» **Your objective**
Once the pictures are set aside, transcribe each line of the listing exactly.

» **Data extract**
========

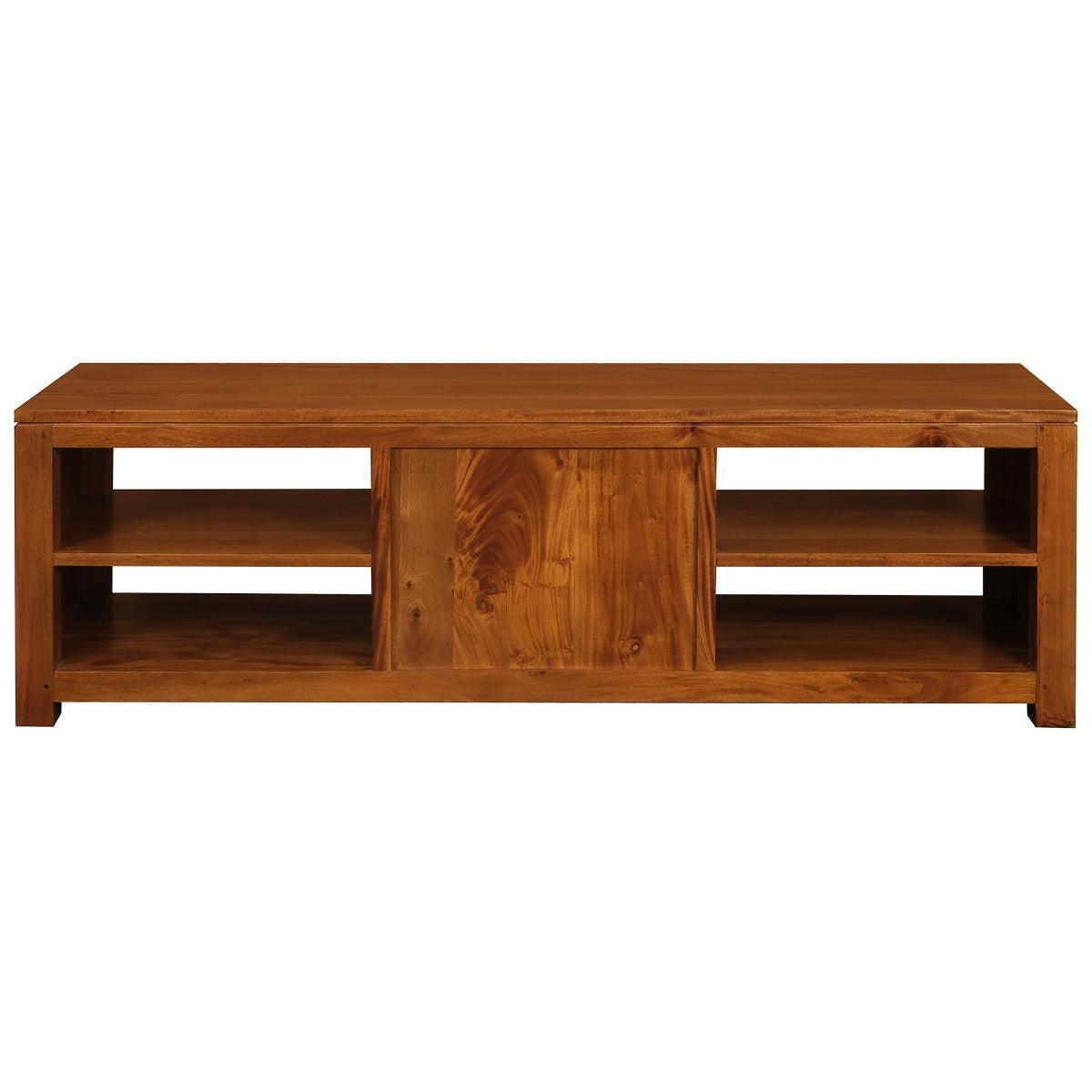 PARIS SOLID MAHOGANY TIMBER TV UNIT 2 DRAWERS & 4 SHELVES - LIGHT PECAN - MyChocolateWood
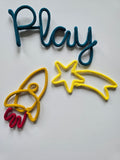 Handmade Play knitted wire sign in blue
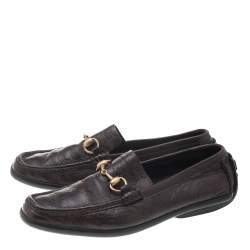 Pre Owned Gucci Dark Brown Guccissima Leather Horsebit Slip On Loafers Size 37.5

========

» **Written solution**
 PARIS SOLID MAHOGANY TIMBER TV UNIT 2 DRAWERS & 4 SHELVES - LIGHT PECAN - MyChocolateWood
 Handmade Play knitted wire sign in blue
 Pre Owned Gucci Dark Brown Guccissima Leather Horsebit Slip On Loafers Size 37.5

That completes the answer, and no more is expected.